What is the current stage of AI? We have a strong feeling that something coming up is disrupting the way we work and live. The questions is, how far are we yet to go?
TLDR: distance wise very far; but we are approaching it with accelerating speed.
Let's look at the history of search engine.
Long before we have "Google" and long before many people have the concept of search engine, there was a subject called Information Retrieval. It is the academic name behind search engine and the earliest records of computerised IR dated back to the 1950s. Only a handful of people in the world cared abut the subject back then.
Google's PageRank algorithm popularised the importance of quality as an indepdent factor of relevance (between query and document). All the successors have relevance X quality as the foundational model, and they only differ in how the two terms are broken down to more details.
Further more, personalisation became a standard component of search engine algorithms and the major source was click data (later could incorporate more implicit feedback like scroll/ view).
Technically, we can see a rough timeline:
- Information Retrieval -- when the technology is only of academic interest.
- Search engine -- when the technology is widely commercialized and used by businesses/ corporates. (there was a time when search engine is not a standalone product, but a business solution that empowers "portals").
- Quality advancements (e.g. PageRank) -- when the technology becomes roughly useful for laymans.
- Personalization -- when the technology becomes ambient and users do not have to think any more (now we're used to picking the first result from Google directly; but we had to scroll down and check many results to find the best one 20 years ago).
The tipping point is when "Google it" became synonym of "search it". That was the moment when most people had a chance to incorporate search engine into their daily life and use it as naturally as breathe.

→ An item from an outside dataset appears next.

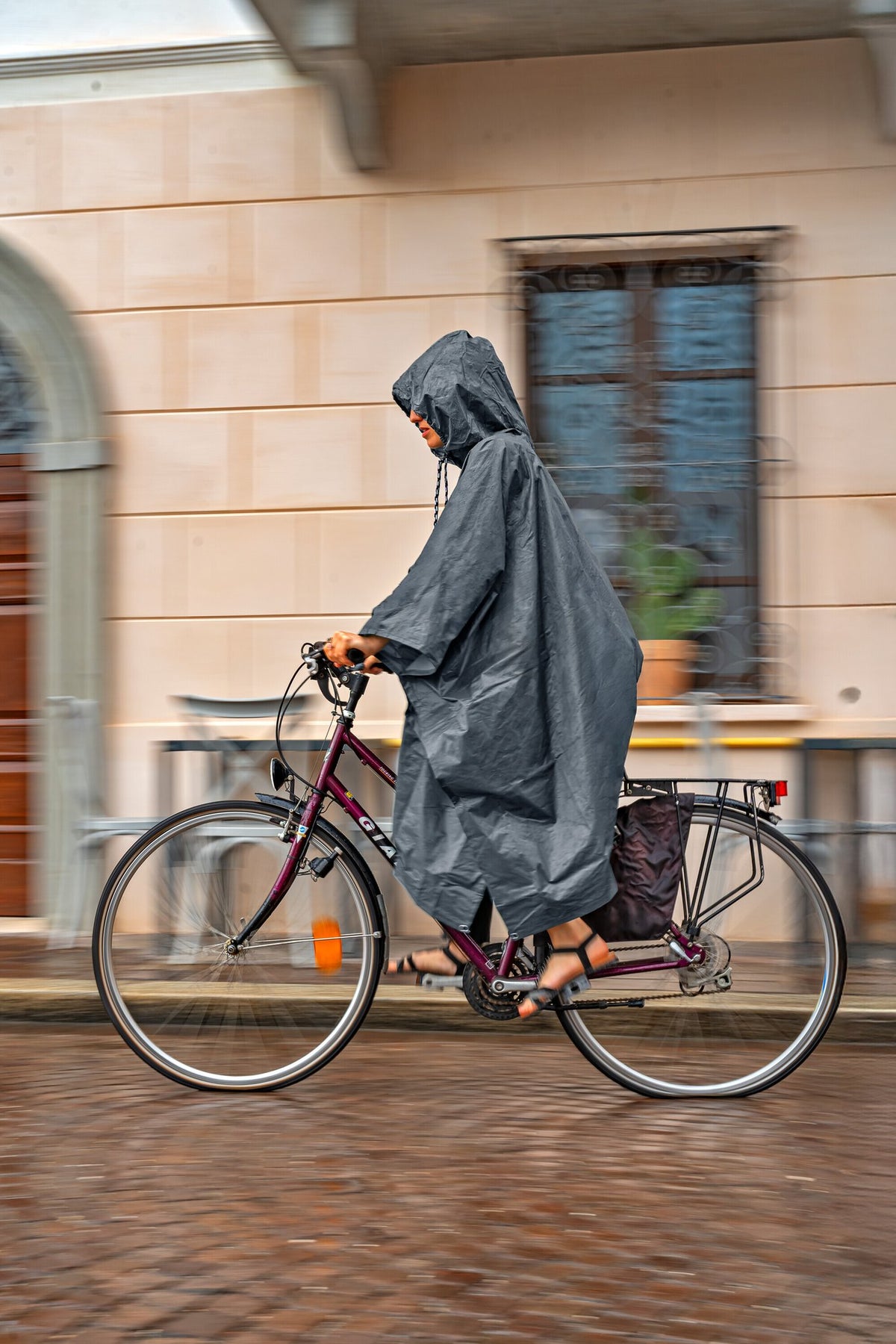 Lampa Adventure, poncho antipioggia multifunzione - Grigio 99720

If we compare this to GenAI, the distance seems pretty far. We hear many people are "using ChatGPT" to do something today, simply because we are in our own technologist echo chamber. If you ask a layman to explain "ChatGPT", I doubt how many can spell out "G-P-T" and explain the meaning of it, let alone how the "chat" business was related with GPT.
Think of a question: any ideas of birthday gift for a 6 year old girl? -- You would find the answer pretty dumb: Let's use an Information Retrieval system to find the top parents forum and check out their sub-forum about birthday gifts to gather some ideas. -- A more natural answer for our moms and dads are like: um, Let's Google it.

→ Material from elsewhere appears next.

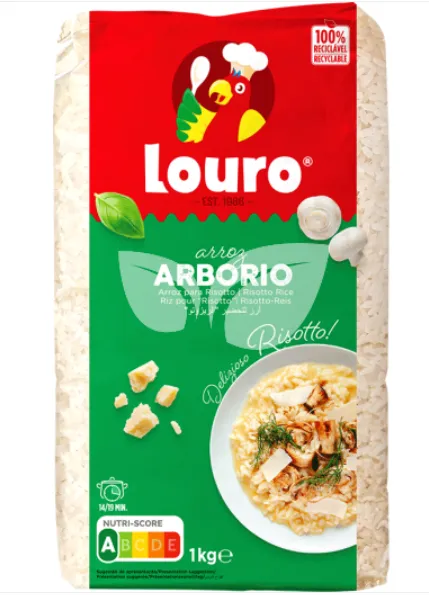 Rīsi Risotto LOURO Arborio, 1kg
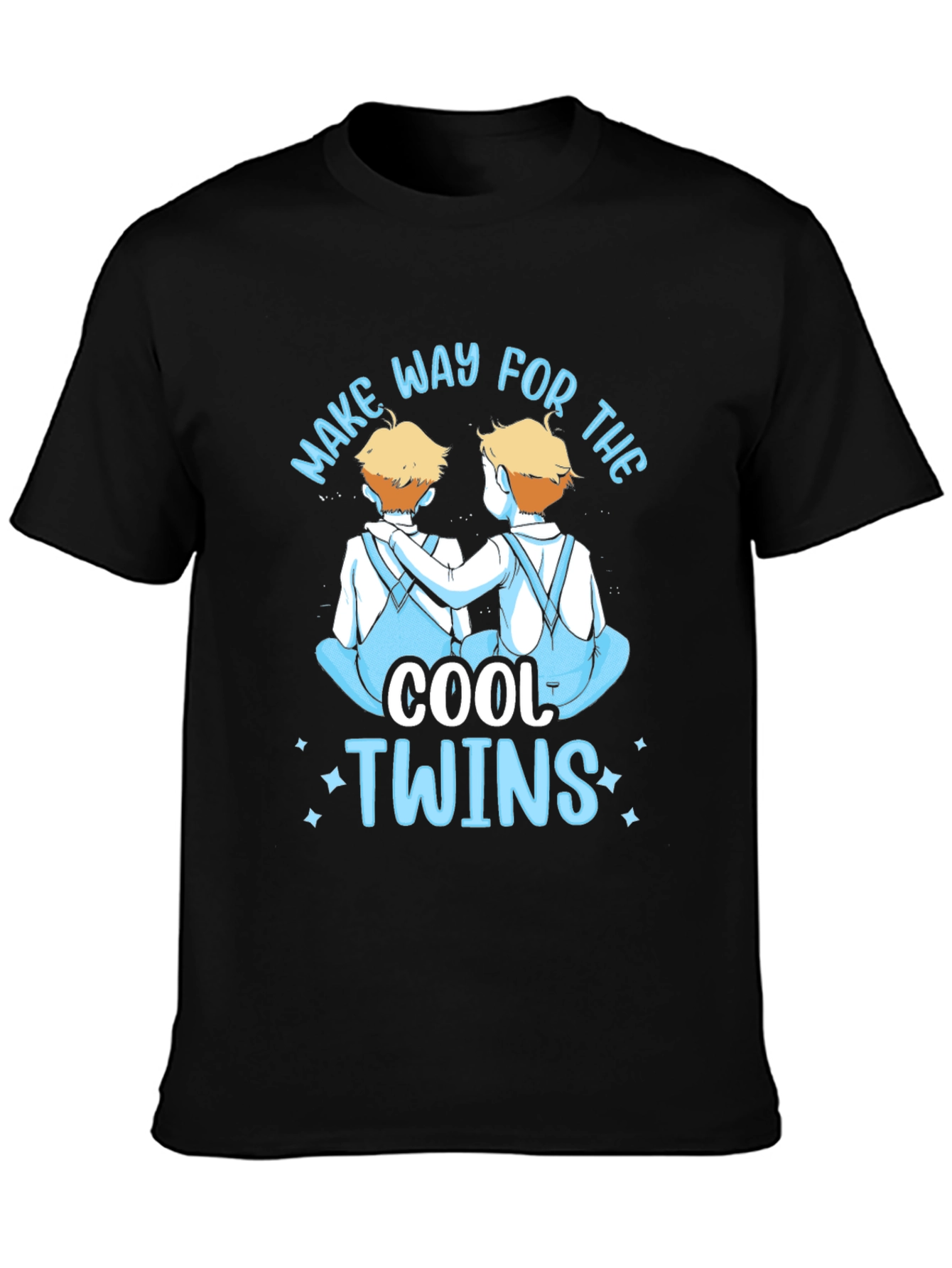 Cool Twins Graphic Tee - Black Unisex T-Shirt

So the key here is, if GenAI/ LLM/ ChatGPT are still being consciously used, the technology has not yet exploded.
The most close moment to tipping point of GenAI was when I heard someone speaking "I poe-d it" yesterday. Maybe we'll hear more "Let's Bing it" and "Let's Bard it" later, but those do not sound very natural to me (as a non-native English speaker). It will be interesting to see which noun first become verb in the GenAI world, and we'll know the technology is sophisticated and generally available to everyone.
Although the distance looks very far, the speed we are approaching the "Google it" moment is very fast and the pace is still accelerating.
We already see many SMEs that use GenAI to build solutions which aggregate to bigger products and business values. This is very like the era of portal, when search engine is not an end user product but a key component to some business problems.
Also, the Microsoft + ChatGPT experiment was quite successful first step to drive the quality advancements, i.e. launching a billion scale alignment with real user feedback. This is very important step, as LLM is a huge black box that even the inventor does not know what is inside until the querying time, but it is hard to enumerate the entire query space and hard to check the results even if the space is enumerated. This is not a new problem in LLM. In the early years of search engine, nobody knew exactly what content the crawlers had collected. Only when many real users were onboarded, the search engine operators found out malicious uses like searching for porn/ drugs/ arms/ personal information/ ...
If we map the above two observations into the 4 stages of search engine, we can already see good jobs done for stage 2 and stage 3. Mark Zuckerberg, in a recent interview by Lex Fridman, emphasized personalization of GenAI and shared his vision of creator econonmy multiple times. This area maps to the stage 4 we listed above, and saw only limited trials so far. However, when we review the timeline of search engine, the "Google it" moment happened around stage 2 and stage 3, long before stage 4 was mature. That is why I find the speed we are approaching the "Google it" moment fast and accelerating.
Now, imagine there is a time machine to go back stage 2/ stage 3, what product/ business would you create? What would be the analogy in the GenAI world?
Well, I may revisit that topic many times in coming months, and I'm sure a lot of my predictions could go awefully wrong.
Only one thing I'm certain, if I could go back to 1997-1998, is that I would see Internet Bubble coming up... The then Internet companies building the infrastructure (routers, switches, base stations, fibres, etc) would run into serious financial crisis due to arm race. The remaining infrastructure after bubble would become cheap and suffice for years to come. The developers working on "just an application using Internet" became the Internet companies later on.